# Killies Import > Planted Tanks >  Holland Ram

## FC

I had been thinking what fishes to keep in large numbers in my tank for some time. Finally, I bought a school of babby Holland Ram from Far East Aquatic on Thursday, 21 Jul 05. Immediately after I placed them in the tank, I knew I made the right decision. The baby rams are gorgeous, I am happy like a goose :P . See pics for some of them.


The body colours are not fully up yet but just started. They were born in the shop's bare tank.

----------


## stormhawk

Freddy, Ram not Rum.  :Laughing:  

Good purchase, the Holland strain is a very beautiful strain. I like Rams too but not those balloon versions.  :Cool:

----------


## Piscesgirl

Nice fish. Hehe I was wondering when I read the title just what the thread would be about. Had the tank drove you to drink some new rum from Holland?  :Laughing:   :Laughing:   :Laughing:

----------


## hobbit6003

Those are nice rams Freddy! But Ron says that he prefers his Rum in a bottle, not a tank!

After reading the title, I thought there's some interesting fertiliser you got brewing in your tank! :P 

Kenny

----------


## FC

You guys are sharp. I was thinking whether it was rum or ram but did not bother to check it up. No wonder those rams ignored me when I called them  :Laughing:  .
I had corrected them all, thanks.

----------


## stormhawk

:Laughing:  Well at least they didn't get all tipsy.

----------


## RonWill

Freddy, I thought you might want to know how the ram got it's 'rum'  :Laughing:   :Laughing:  
*Microgeophagus ramirezi* (Blue Rams)

----------


## FC

Really?! Don't tell me mine (Rams) are your relatives  :Shocked:  .

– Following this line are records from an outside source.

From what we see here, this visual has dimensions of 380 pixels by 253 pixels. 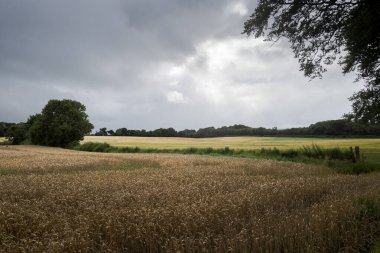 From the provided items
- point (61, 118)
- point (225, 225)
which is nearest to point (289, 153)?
point (225, 225)

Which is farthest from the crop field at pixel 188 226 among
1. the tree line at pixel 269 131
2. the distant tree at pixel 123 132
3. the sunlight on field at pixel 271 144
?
the distant tree at pixel 123 132

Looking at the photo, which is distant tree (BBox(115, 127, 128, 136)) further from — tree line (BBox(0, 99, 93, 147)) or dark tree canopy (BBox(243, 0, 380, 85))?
dark tree canopy (BBox(243, 0, 380, 85))

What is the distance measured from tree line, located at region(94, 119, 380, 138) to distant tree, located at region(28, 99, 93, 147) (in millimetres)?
36963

By the way, the Micro-geo-pha-gus Ra-mi-re-zi sounds like a great Ra-mi. *getting hungry*
(Kidding, appreciate the right name but I got to do spelling test or write it on my tank. I am just bad, lazy to be exact, in Latin names)

----------


## TyroneGenade

Aren't they now "_Mikrogeophagus_"? Apparently, the name is Greek-based and in Greek the "c" should be a "k"... I grow so weary from taxonomic tennis...

----------